▸ **Task goal**
Give back exactly the lines of the entries below from the line with "The Garbage Band" to the line with "pancakes with butter", inclusive, and only those.

▸ **Data listing**

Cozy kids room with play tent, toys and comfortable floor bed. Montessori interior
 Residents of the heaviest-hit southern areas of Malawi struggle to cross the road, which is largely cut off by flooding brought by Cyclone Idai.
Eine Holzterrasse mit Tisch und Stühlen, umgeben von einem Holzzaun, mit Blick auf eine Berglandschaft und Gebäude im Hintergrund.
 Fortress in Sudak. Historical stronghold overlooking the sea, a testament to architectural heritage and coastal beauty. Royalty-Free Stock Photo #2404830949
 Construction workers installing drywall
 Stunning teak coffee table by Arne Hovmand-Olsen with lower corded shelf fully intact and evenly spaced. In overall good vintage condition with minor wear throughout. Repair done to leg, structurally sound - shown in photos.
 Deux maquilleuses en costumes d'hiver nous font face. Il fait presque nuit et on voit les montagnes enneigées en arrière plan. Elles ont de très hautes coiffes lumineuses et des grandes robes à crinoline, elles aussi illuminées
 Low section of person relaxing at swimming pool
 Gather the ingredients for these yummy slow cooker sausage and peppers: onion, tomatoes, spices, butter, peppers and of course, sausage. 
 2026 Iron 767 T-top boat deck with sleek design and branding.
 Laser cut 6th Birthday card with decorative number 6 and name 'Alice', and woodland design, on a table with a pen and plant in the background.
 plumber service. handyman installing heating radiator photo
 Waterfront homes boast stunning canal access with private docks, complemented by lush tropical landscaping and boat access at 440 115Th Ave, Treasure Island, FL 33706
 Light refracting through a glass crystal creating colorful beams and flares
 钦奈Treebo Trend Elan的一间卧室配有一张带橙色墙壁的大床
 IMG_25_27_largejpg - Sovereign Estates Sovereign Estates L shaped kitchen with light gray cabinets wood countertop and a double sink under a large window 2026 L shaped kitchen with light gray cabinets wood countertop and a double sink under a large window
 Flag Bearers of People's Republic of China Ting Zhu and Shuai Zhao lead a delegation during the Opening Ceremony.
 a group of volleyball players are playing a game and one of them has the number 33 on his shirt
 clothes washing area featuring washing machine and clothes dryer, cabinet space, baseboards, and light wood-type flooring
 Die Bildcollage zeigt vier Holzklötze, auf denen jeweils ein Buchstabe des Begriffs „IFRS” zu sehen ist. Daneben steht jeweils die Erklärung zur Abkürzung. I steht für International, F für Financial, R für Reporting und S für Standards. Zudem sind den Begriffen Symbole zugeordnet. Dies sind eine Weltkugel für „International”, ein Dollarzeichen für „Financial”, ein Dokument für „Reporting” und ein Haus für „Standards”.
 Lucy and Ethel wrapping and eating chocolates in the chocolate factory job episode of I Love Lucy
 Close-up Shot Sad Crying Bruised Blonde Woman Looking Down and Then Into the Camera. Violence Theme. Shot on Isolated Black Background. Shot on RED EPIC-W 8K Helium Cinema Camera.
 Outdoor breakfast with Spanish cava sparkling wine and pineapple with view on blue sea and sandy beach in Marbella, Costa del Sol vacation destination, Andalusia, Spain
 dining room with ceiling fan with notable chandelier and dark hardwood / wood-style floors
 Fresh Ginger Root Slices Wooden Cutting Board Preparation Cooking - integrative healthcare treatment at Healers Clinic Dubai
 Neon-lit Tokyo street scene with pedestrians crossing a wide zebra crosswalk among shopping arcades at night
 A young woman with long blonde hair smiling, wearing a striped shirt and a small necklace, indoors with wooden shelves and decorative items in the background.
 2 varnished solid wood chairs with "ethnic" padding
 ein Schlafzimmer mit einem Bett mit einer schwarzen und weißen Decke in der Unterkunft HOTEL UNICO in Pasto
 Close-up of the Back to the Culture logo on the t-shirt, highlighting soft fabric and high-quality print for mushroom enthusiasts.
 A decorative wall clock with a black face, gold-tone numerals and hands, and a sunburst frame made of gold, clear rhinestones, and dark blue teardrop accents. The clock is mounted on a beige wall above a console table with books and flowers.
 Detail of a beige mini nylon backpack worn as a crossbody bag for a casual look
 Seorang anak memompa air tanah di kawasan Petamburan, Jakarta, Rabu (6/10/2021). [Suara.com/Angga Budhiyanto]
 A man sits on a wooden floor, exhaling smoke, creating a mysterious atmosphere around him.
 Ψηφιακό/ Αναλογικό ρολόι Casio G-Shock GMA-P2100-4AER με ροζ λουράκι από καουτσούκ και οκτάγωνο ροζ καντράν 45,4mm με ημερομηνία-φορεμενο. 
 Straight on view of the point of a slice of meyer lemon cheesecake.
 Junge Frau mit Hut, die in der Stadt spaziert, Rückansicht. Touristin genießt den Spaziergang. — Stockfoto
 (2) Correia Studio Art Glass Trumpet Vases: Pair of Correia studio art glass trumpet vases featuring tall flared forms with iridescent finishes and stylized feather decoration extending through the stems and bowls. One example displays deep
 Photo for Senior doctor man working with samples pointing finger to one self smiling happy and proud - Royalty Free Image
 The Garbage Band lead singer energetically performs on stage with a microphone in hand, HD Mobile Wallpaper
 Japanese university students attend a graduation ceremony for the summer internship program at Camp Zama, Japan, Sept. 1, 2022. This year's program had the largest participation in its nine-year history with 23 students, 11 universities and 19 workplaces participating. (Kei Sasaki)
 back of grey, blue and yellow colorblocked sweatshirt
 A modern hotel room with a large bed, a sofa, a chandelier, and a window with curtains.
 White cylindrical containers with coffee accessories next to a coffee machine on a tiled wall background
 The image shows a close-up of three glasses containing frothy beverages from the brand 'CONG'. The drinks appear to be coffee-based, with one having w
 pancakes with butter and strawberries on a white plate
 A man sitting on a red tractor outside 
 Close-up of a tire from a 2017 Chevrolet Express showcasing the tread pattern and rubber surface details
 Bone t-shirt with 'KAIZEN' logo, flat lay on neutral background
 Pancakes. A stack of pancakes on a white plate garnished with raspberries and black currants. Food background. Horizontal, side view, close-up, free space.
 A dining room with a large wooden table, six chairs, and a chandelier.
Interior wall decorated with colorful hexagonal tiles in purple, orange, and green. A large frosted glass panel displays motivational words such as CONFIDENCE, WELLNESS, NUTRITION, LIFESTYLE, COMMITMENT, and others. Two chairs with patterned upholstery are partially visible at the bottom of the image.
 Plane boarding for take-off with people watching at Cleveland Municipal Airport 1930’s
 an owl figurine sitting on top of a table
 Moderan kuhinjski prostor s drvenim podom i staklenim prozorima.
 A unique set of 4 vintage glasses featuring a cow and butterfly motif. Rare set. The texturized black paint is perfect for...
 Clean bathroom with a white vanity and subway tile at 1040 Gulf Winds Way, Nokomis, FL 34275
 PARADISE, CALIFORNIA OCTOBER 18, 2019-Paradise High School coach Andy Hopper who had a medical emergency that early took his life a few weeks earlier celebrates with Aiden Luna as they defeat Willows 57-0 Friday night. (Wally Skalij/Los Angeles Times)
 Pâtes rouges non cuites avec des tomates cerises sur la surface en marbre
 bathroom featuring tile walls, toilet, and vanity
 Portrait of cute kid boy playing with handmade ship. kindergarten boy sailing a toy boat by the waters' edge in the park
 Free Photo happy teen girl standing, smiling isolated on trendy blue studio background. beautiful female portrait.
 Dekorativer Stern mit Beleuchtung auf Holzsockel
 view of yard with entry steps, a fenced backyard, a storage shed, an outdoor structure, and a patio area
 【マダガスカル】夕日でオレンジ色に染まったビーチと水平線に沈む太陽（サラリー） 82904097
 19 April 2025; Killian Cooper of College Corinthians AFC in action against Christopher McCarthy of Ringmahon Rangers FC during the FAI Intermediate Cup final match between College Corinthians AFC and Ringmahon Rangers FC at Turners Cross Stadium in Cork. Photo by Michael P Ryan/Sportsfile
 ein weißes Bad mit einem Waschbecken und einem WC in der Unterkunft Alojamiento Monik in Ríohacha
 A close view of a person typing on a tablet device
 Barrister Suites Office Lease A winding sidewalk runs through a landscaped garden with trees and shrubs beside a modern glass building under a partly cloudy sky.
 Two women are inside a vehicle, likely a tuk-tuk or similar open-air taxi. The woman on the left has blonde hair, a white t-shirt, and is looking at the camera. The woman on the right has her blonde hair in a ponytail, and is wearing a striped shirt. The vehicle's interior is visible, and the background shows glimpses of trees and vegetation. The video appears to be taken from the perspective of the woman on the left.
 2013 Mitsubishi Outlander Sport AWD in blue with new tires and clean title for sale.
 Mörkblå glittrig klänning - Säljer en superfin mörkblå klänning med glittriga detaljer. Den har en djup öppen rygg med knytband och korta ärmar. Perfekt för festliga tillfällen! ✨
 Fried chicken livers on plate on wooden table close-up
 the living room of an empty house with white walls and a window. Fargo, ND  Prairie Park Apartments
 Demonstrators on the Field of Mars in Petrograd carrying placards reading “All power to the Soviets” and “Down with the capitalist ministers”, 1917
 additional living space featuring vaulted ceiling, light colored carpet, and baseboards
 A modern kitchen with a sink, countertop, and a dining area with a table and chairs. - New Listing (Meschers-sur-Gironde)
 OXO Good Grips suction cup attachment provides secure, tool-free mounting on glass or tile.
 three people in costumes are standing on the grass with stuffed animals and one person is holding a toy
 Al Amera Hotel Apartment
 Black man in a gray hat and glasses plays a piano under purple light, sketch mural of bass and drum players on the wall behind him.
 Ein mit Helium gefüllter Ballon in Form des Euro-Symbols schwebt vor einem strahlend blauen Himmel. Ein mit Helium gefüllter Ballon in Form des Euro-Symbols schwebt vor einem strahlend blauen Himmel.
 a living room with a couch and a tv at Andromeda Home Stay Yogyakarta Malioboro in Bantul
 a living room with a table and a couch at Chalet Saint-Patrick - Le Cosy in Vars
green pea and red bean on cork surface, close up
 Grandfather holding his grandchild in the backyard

▸ **Result for this exercise**
 The Garbage Band lead singer energetically performs on stage with a microphone in hand, HD Mobile Wallpaper
 Japanese university students attend a graduation ceremony for the summer internship program at Camp Zama, Japan, Sept. 1, 2022. This year's program had the largest participation in its nine-year history with 23 students, 11 universities and 19 workplaces participating. (Kei Sasaki)
 back of grey, blue and yellow colorblocked sweatshirt
 A modern hotel room with a large bed, a sofa, a chandelier, and a window with curtains.
 White cylindrical containers with coffee accessories next to a coffee machine on a tiled wall background
 The image shows a close-up of three glasses containing frothy beverages from the brand 'CONG'. The drinks appear to be coffee-based, with one having w
 pancakes with butter and strawberries on a white plate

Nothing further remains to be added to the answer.